Putin’s Man Isn’t the Only Candidate Who Matters at Interpol

COMMENTARY Global Politics

Putin’s Man Isn’t the Only Candidate Who Matters at Interpol

Nov 26, 2018 3 min read
COMMENTARY BY
Ted R. Bromund, Ph.D.

Senior Research Fellow, Margaret Thatcher Center for Freedom

Ted Bromund studies Anglo-American relations, U.S. relations with Europe and the EU, and the U.S.’s leadership role in the world.

Key Takeaways

The General Assembly is Interpol’s supreme authority.

The significance of elections to the Committee is often overlooked.

An Interpol led by Vladimir Putin would be a bad and dangerous thing.

Understandably, all of the press coverage of this week’s meeting of the Interpol General Assembly in Dubai has focused on the possibility that Vladimir Putin’s candidate, Russian abuser-in-chief Alexander Prokopchuk, will be elected the next President of Interpol. But that’s not the only election that matters.

The General Assembly is Interpol’s supreme authority. There is no Interpol equivalent of the U.N.’s Security Council. But Interpol does have an Executive Committee. The Committee is composed of four Vice-Presidents and eight Delegates, all from different countries and representing Interpol’s four regions of Africa, the Americas, Asia, and Europe.

This week, the General Assembly will be electing a new Asian Vice-President, two Delegates from the Americas, one from Asia, one from Africa, and one from Europe.

Unfortunately, of the five Delegates rotating off the Committee, four are from democratic or Western-aligned nations (the U.S., Canada, Singapore, and Belgium)—and South Korea’s Kim Jong Yang, the acting President of Interpol and former Vice-President for Asia, must also be replaced.

The remaining six seats on the Committee are held by three non-democracies (Russia, Algeria, and Moldova), two weak or corrupt democracies (Brazil and Nigeria), and France. If Prokopchuk of Russia wins the Presidency, his seat will also have to be filled.

The bottom line is that, if things go very badly, Interpol’s Committee could be led by a Russian and all but one of its seats could be filled by weak democracies or dictatorships, with France as the only remaining democracy. That outcome seems unlikely — but then, a week ago, few people would have imagined a Russian might be elected Interpol’s President.

The significance of elections to the Committee is often overlooked. But they show which way the wind is blowing, and the next president of Interpol is likely to be drawn from the Committee.

When Meng Hongwei, the Chinese secret policeman and now former President of Interpol, was elected in 2016, commentators were rightly outraged. But almost no one — with one or two exceptions — paid any attention to the election of Prokopchuk to the Executive Committee. In 2016, I wrote:

In a way, the election of Prokopchuk is even worse than that of Hongwei, for Russia is an even more grotesque abuser of Interpol than China. It has repeatedly sought to use Interpol against investors it has robbed, and dissidents who dared to stand up to Vladimir Putin’s thuggish, thieving regime. . . .
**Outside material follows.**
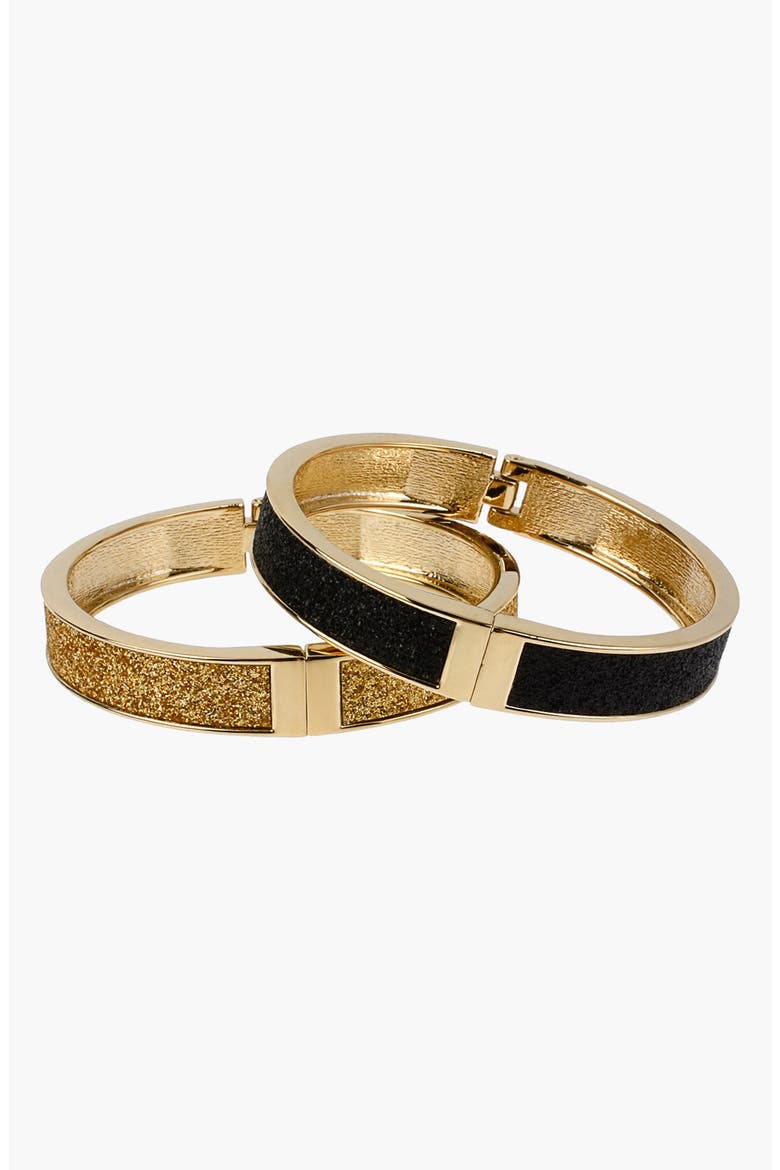 Hinged Glitter Bangles, Alternate, color, BLACK/ GOLD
Prokopchuk, as the man who leads Russia’s liaison with Interpol, is personally responsible for the abuse. No one in the world had more direct responsibility to stop it. Instead, he facilitated the abuse, and he has been rewarded with a position of power in the organization he perverted.
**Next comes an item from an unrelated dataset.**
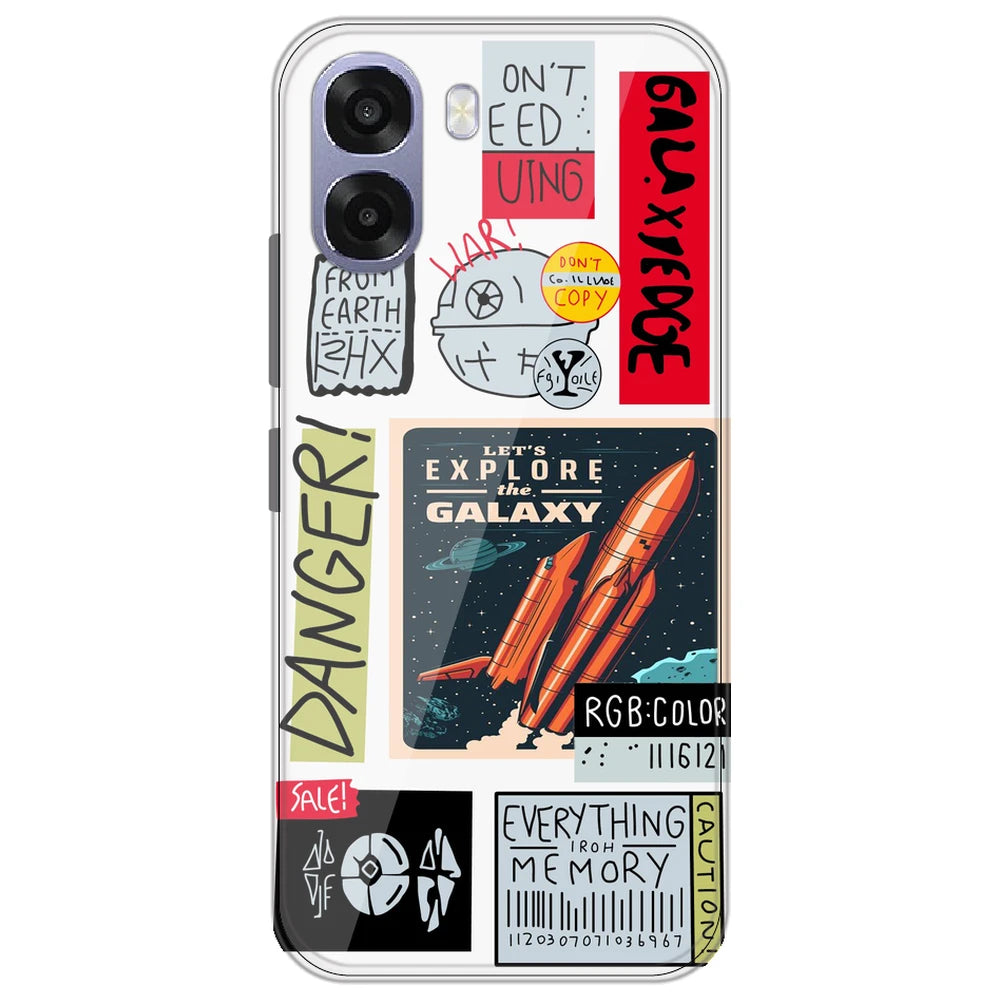 Galaxy - Clear Printed Silicone Case for Oppo A6 5G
It’s hard to know how much damage Prokopchuk could do as President of Interpol. The organization is opaque, and the President has few formal responsibilities. But with a supportive Executive Committee behind him, Prokopchuk — in other words, Putin — would have a lot more power than he would alone.
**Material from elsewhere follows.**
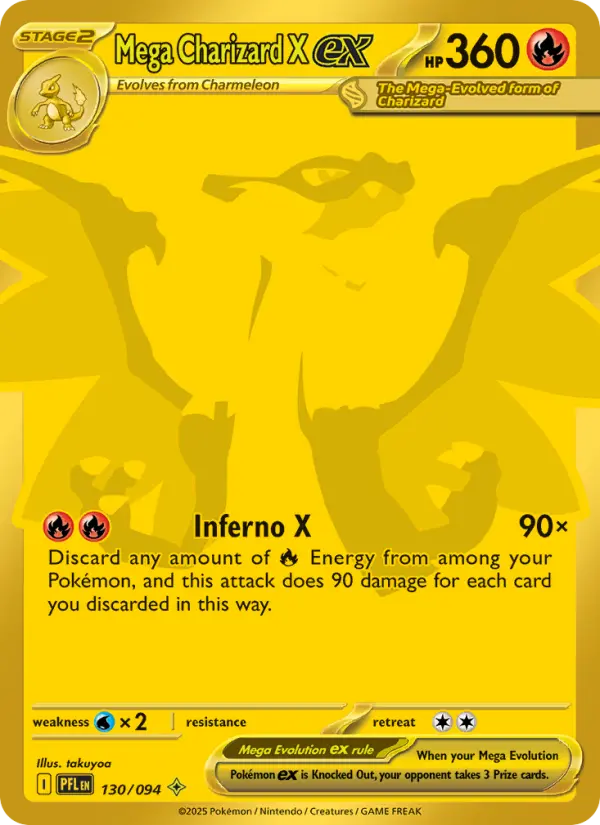 Mega Charizard X ex 130 — Phantasmal Flames 130, Holofoil finish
For example, the Committee sets the General Assembly’s agenda. Of course, in theory, the Assembly can override the Committee’s decision. But in practice, it will be very hard to put any reforms before the Assembly if the Committee opposes them.

Or, if the Committee wants to ask the Assembly to decide that a particularly controversial Red Notice request — such as Russia’s harassment of Bill Browder, for example — is legitimate, it has that power. If the Assembly votes as the Committee suggests, this bypasses all of Interpol’s rules. If autocracies run the Committee, Prokopchuk would be a lot closer to having operational control of Interpol.

Electing Prokopchuk would be an indefensible, foolish, and self-destructive decision. But even though the symbolism of the votes on the Committee’s new members is less significant, it matters just as much if not more when it comes to the substance of Interpol’s governance.

An Interpol led by Vladimir Putin would be a bad and dangerous thing. But an Interpol led by Vladimir Putin backed by a compliant Executive Committee would be far, far worse.